--- START ---
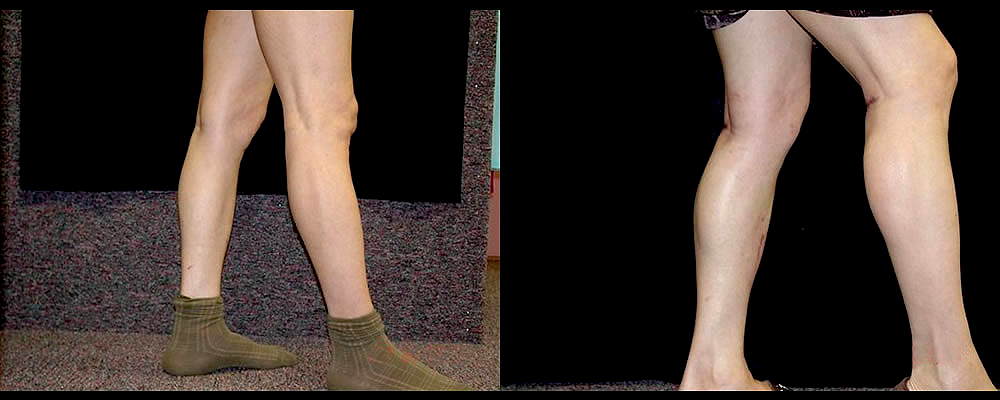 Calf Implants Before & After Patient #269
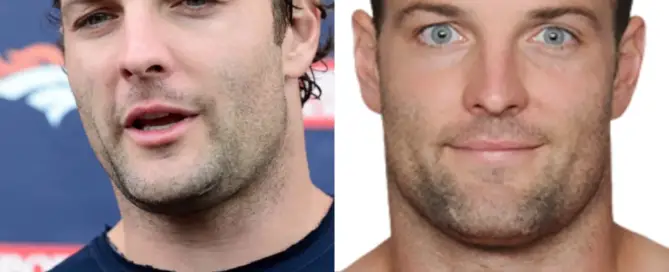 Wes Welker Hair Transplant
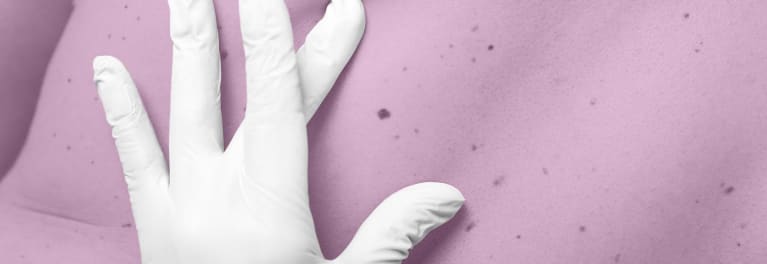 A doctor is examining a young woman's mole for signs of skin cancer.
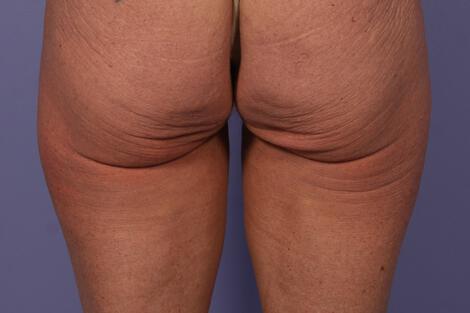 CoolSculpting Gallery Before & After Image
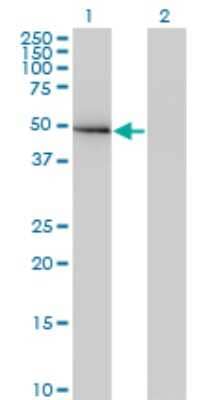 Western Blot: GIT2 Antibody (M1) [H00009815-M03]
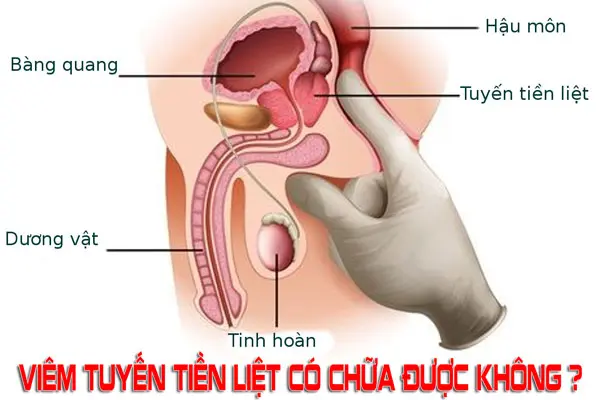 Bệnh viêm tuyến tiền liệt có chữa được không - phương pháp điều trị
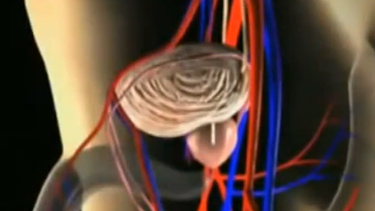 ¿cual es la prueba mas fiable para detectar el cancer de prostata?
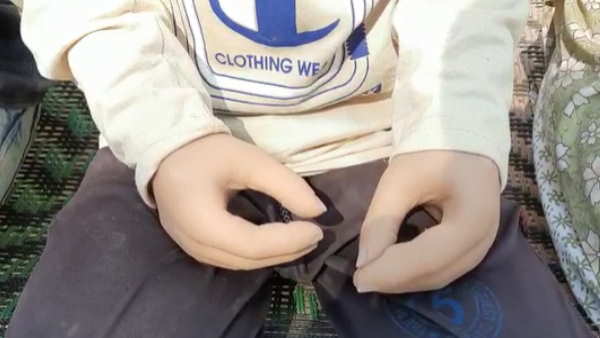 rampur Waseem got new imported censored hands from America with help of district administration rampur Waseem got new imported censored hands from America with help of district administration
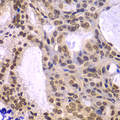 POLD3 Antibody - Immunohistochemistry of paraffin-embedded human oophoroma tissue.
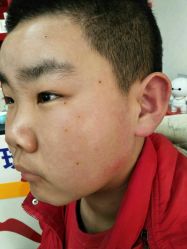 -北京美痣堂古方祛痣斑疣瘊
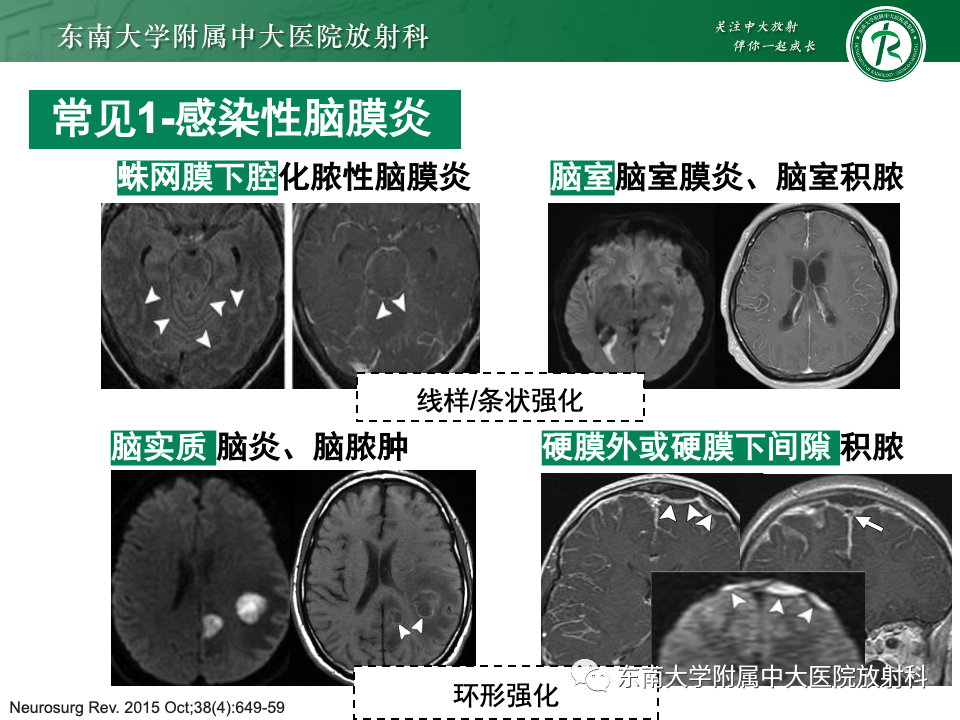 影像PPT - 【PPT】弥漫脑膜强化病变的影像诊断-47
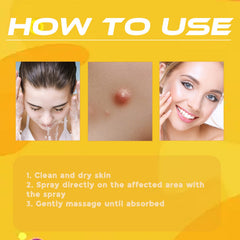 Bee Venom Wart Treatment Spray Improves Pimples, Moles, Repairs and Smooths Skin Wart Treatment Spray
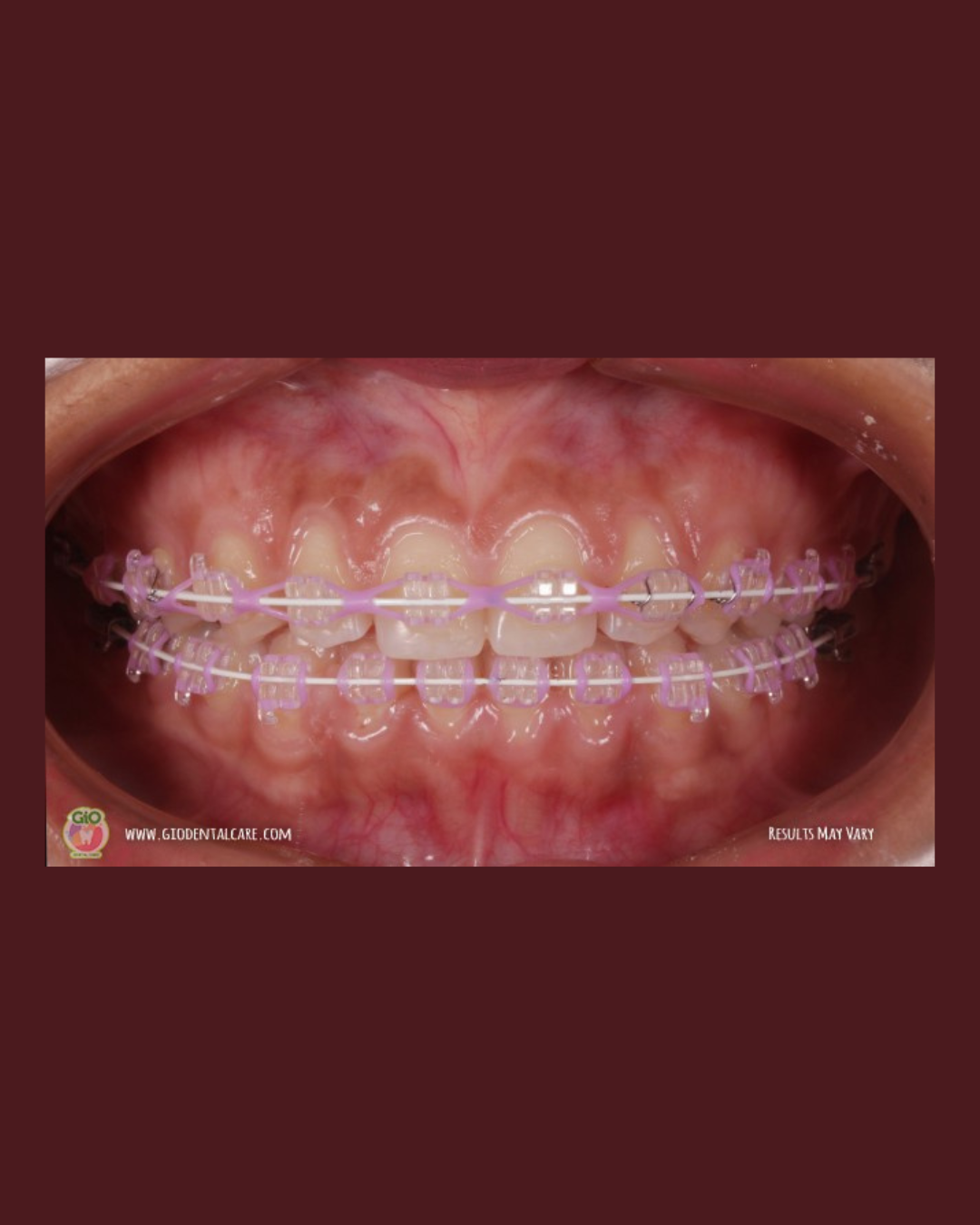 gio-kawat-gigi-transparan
--- END ---
:: What you need to do ::
Reprint every record exactly and skip the pictures.

:: Exercise response ::
 Calf Implants Before & After Patient #269
 Wes Welker Hair Transplant
 A doctor is examining a young woman's mole for signs of skin cancer.
 CoolSculpting Gallery Before & After Image
 Western Blot: GIT2 Antibody (M1) [H00009815-M03]
 Bệnh viêm tuyến tiền liệt có chữa được không - phương pháp điều trị
 ¿cual es la prueba mas fiable para detectar el cancer de prostata?
 rampur Waseem got new imported censored hands from America with help of district administration rampur Waseem got new imported censored hands from America with help of district administration
 POLD3 Antibody - Immunohistochemistry of paraffin-embedded human oophoroma tissue.
 -北京美痣堂古方祛痣斑疣瘊
 影像PPT - 【PPT】弥漫脑膜强化病变的影像诊断-47
 Bee Venom Wart Treatment Spray Improves Pimples, Moles, Repairs and Smooths Skin Wart Treatment Spray
 gio-kawat-gigi-transparan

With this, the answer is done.